皆川氏の発言:選手強化-2

(前回から続く)

 ここで「今まで流れなかった強化費」と言っているのは、「無駄な経費ばかりかかり」から繋がるのだろうけど、皆川氏が言うと「アルペンに流れてこなかった」という、メダル有望種目に重点配分とする方針に対する恨み節にも聞こえる、というのは考えすぎだろうか。

 皆川本人の言葉ではなく記者の文章として、

”競技人口の多さや付帯産業への波及効果、他種目へのコンバートの可能性、興行に適しているかどうかなどを総合的に判断し、「全体の『経営』の観点からサポートする概算を立てている」という。

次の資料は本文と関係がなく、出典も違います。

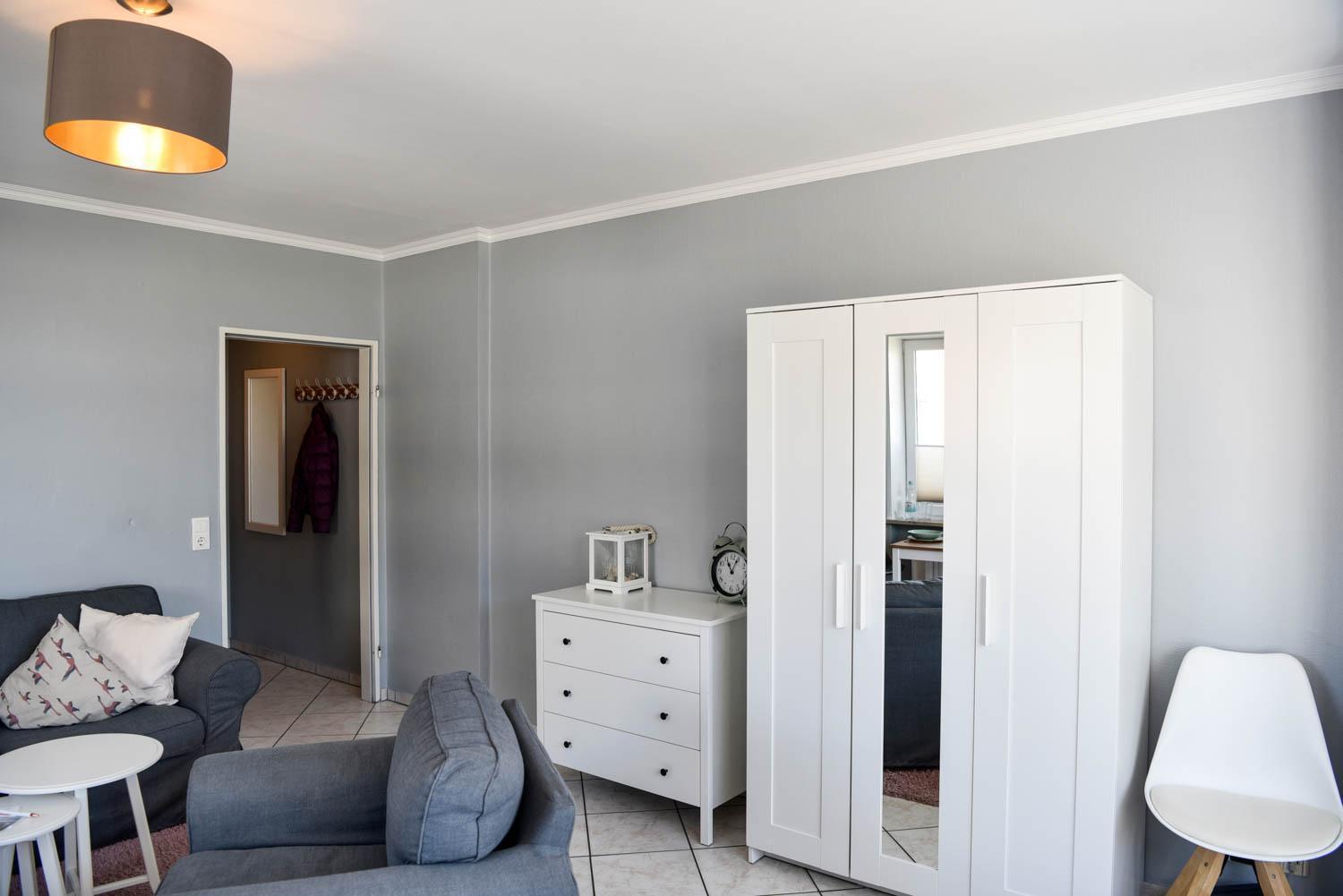 Kap Huck Apartment Westerland Exterior photo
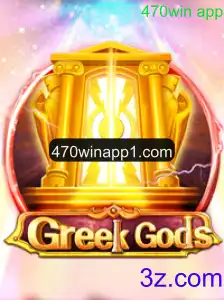 Descubra GreekGods: Uma Experiência Mitológica no 470win App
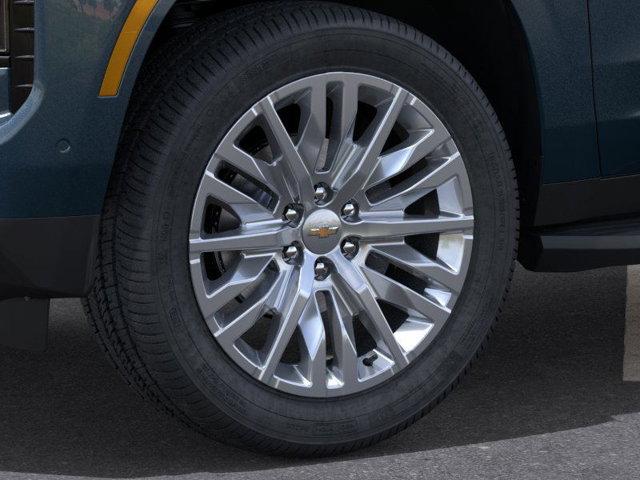 new 2025 Chevrolet Tahoe car, priced at $69,998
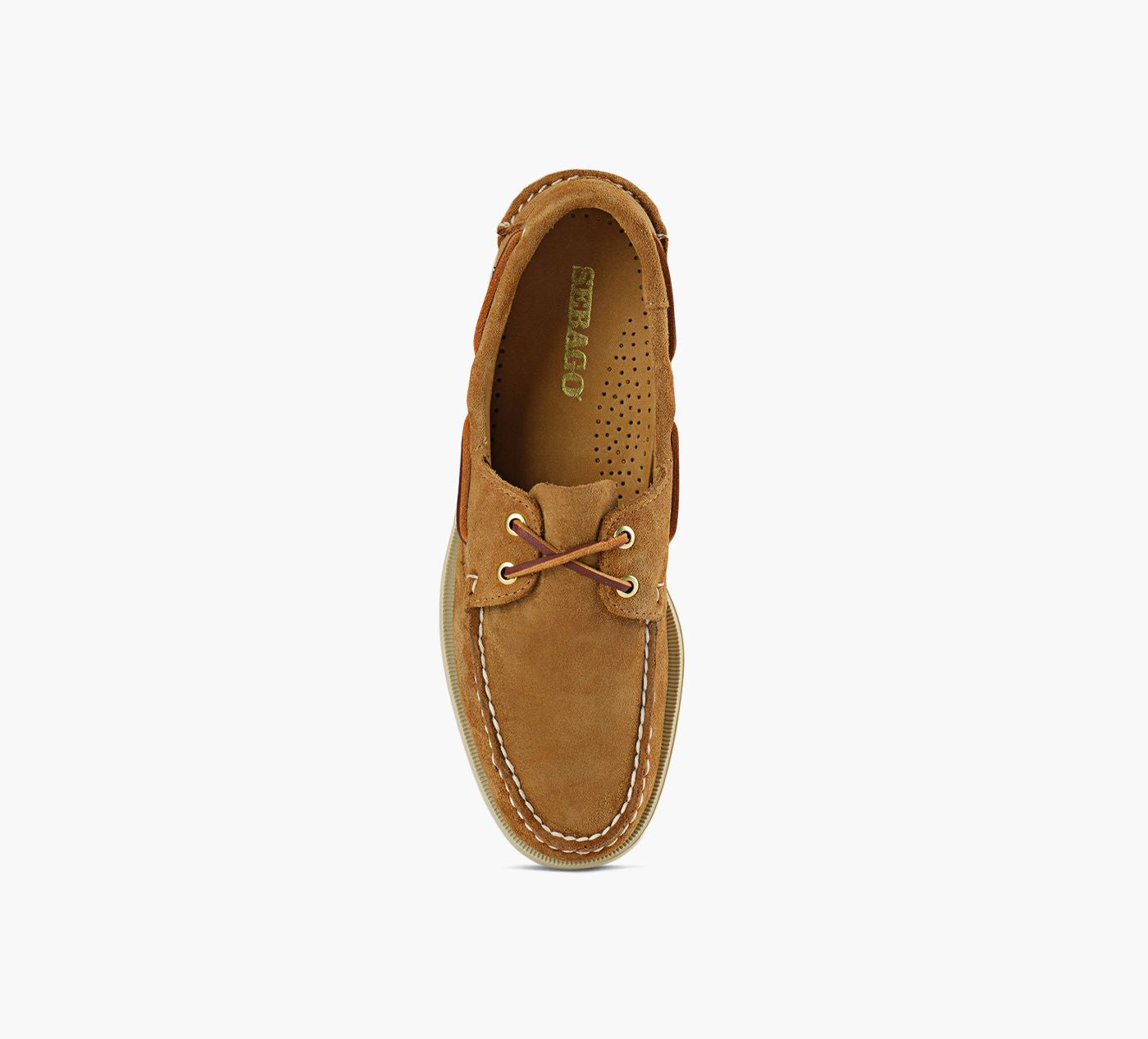 SEBAGO PORTLANDARTISAN in BEIGE view 1c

メダルの取りやすさという近視眼的な見方だけでなく、「投資(強化費)の回収」といった複眼的、長期的視野でも強化を捉える。”

ともある。

 要点は「次のオリンピックでのメダル」という短期だけでなく、より長いスパンでみていくということだろう。皆川自身「4年で回していくというのは短期的な話。その次のところがやっぱり本当のターゲット」と言っているし、次でメダルなんて場当たり的なことしかしてなければジュニアが育たずに、どこかで重点強化する選手自体がいなくなってもおかしくないのは確かだろう。

 だが、ジュニアの競技人口はまだまだアルペンスキーが多いだろうし、スキーでいえばフリースタイルの選手のほとんどはまだアルペンからの転向組だろうから、その考えが正しかったとしても、それを皆川氏が言うと、結局アルペンに強化費を回すための口実ではないかと勘ぐられないだろうか(これも考えすぎ?)。

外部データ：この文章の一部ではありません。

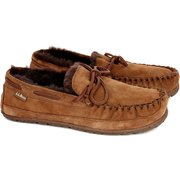 ウィケッドグッドスリッパモカシン 264593 Chocolate Brown Wide(EE) US8(26cm) [アウトドア ルームシューズ メンズ]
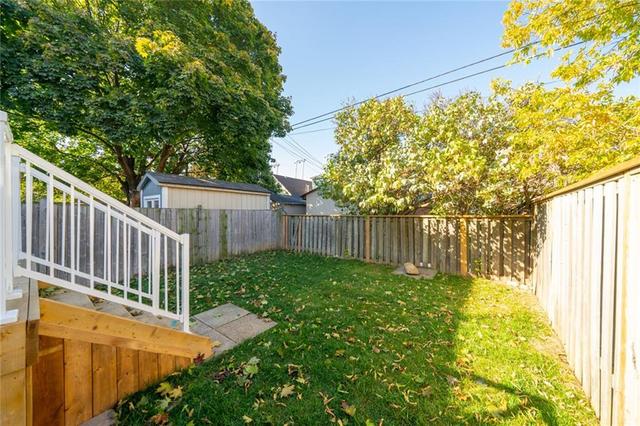 137 Gage Avenue N, House detached with 3 bedrooms, 2 bathrooms and null parking in Hamilton ON | Image 43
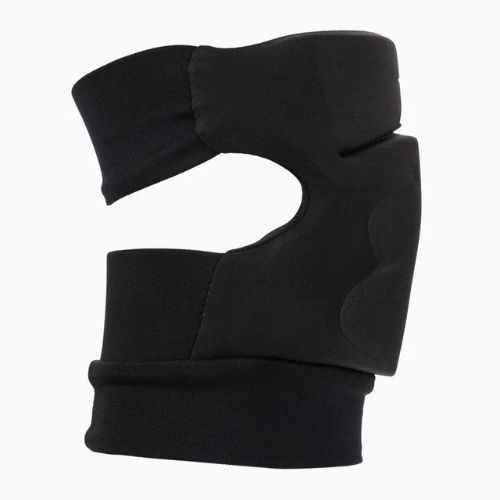 Volejbalové chrániče kolen Mizuno Open Back černé Z59SS89009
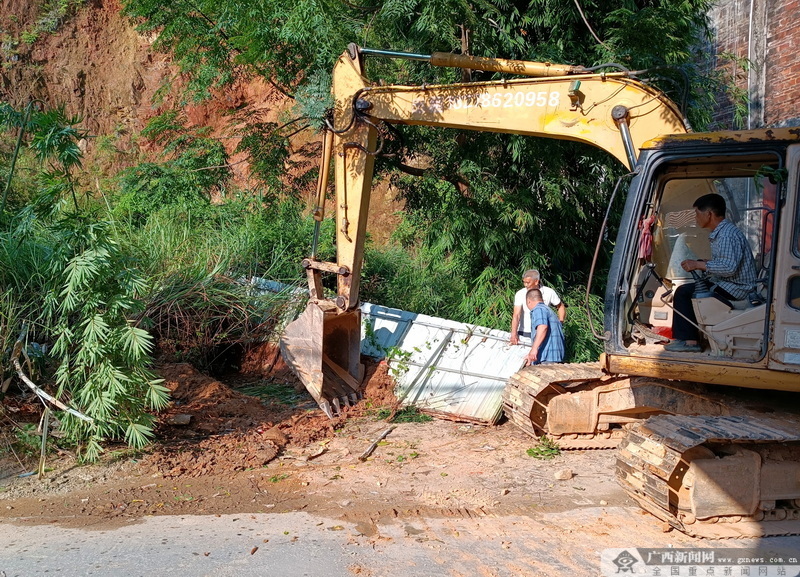 北流:可复制的"石榴经验",绘就乡村振兴新图景-广西新闻网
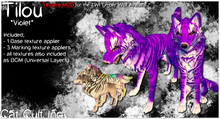 Tilou Violet MOD
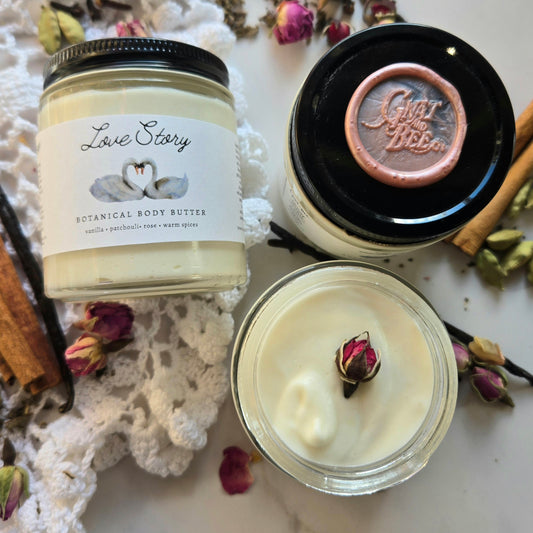 Love Story | Body Butter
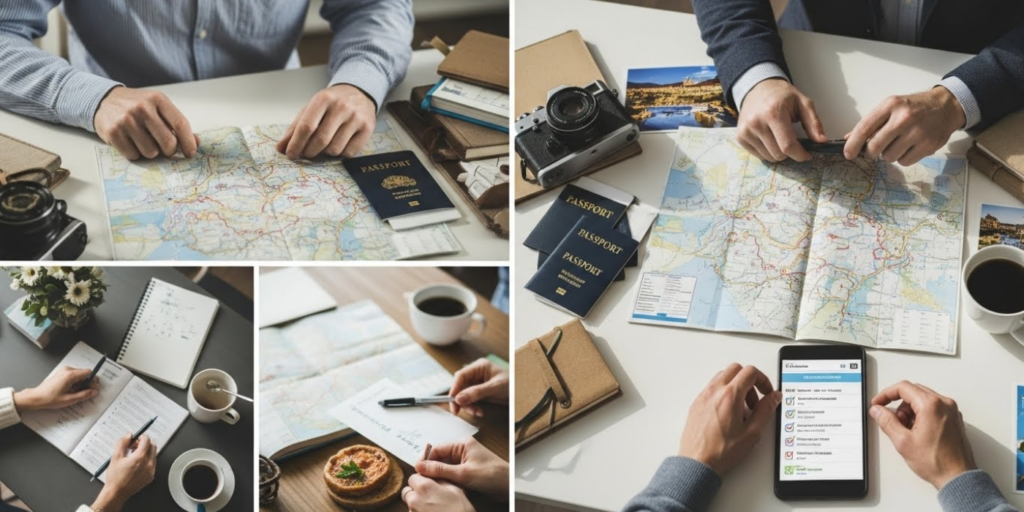 Dicas Práticas para Qualquer Roteiro de Lua de Mel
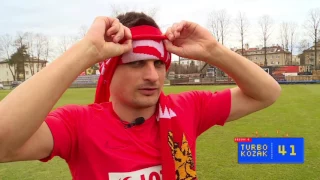 Turbokozak: Sławomir Peszko || Piłka nożna || Reprezentacja Polski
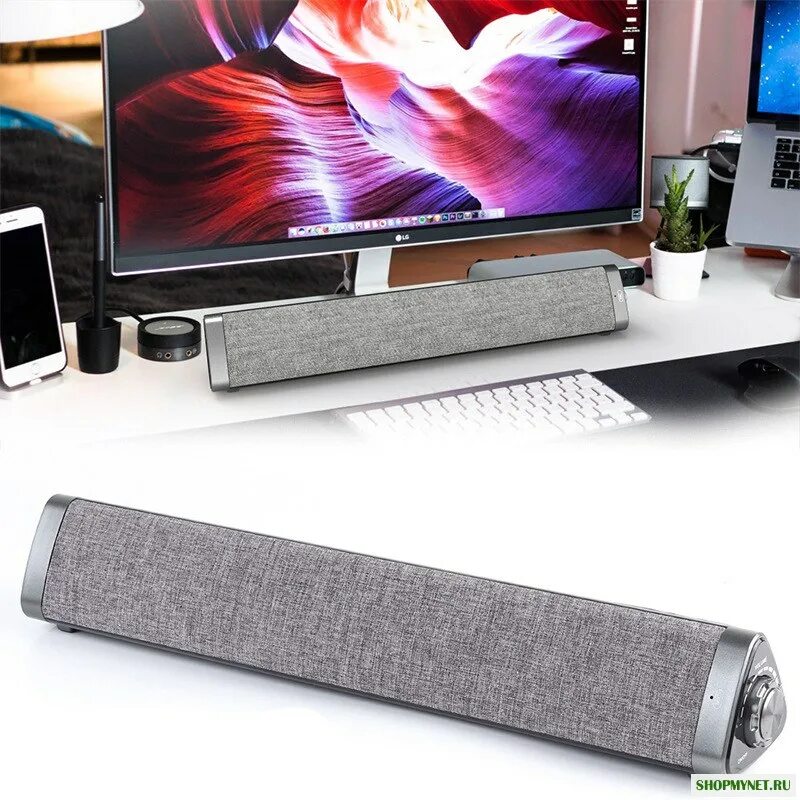 Колонка саундбар купить. Computer Bluetooth Soundbar. Саундбар для монитора компьютера. Сан бар колонка. Колонка саундбар.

 なお、個人的には、興行への適性はハーフパイプの方が上では?と思ったりもする。

 実際のところは、何の情報をどう共有して、それをどう判断して、どう強化費配分に反映するか、難しいだろう。情報共有=見える化、となるかも、それで強化費が適切に選手に流れるかも(どうなら適切なのかも難しい)、それにより期待する成果を挙げられるかも、その仕組みのつくりも、その仕組みの適切な運営も、何もかもが難しいことだらけだ。

 そんなことは皆川氏も百も承知で、でも泣き言はいわず、困難だからこそ挑戦し甲斐があると考えて、できることから手を付けつつ、対外的には夢のある大きな話をするようにしているのだろうけど。

 「選手と連盟の信頼度を高める」「ピラミッド型ではいけない」は、これは4月に出た記事での発言だが、別にレスリングのパワハラ問題を踏まえたものではないと思う。皆川自身が選手時代に連盟に不信感を抱いていたり、ピラミッド型組織であることに不合理を感じていたのではないか。

 しかし、レスリング以降、アメフト、ボクシング、体操と続く、アマチュアスポーツにおける連盟(協会)や指導者と選手との間の不祥事をふまえると、一層重く響く。